WASHINGTON — Farmers markets are a great way to find reasonably priced fresh produce, but many only accept cash or checks – a big problem for low-income shoppers using food stamps. Now USDA is trying to change that.
Agriculture Deputy Secretary Kathleen Merrigan on Wednesday announced a $4 million grant for states to help implement wireless technology that will allow more farmers markets to accept Supplemental Nutrition Assistance Program benefits, or food stamps.
Markets need a wireless Internet or telephone landline connection in order to accept Electronic Benefit Transfer payments, which is not always available for outdoor markets in parks or parking lots. And small markets often can’t afford to set up the technology.

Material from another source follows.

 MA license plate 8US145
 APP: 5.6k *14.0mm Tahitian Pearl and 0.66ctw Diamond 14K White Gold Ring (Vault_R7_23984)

“I had to convince my directors that it was going to be worth the additional cost,” said Jeff Dabbelt of Lexington Farmers Market in Kentucky.
Dabbelt set up a point-of-sale machine on his own two years ago in order to accept card payments, which he said brought in $14,000 from EBT cards last year.
“There can be some inherent business that comes to your table just by the machine being there.”
Though he had to go through the bureaucratic channels on his own to set up the machine, he was happy to learn that the federal government will offer some assistance to smaller markets.
“I’m all about it. It’s almost a necessity, if not outright, 100 percent necessary,” Dabbelt said. “That assistance would be invaluable, all across the country. No doubt.”
Health experts say the lack of affordable healthy food in low-income communities is directly related to obesity in that population.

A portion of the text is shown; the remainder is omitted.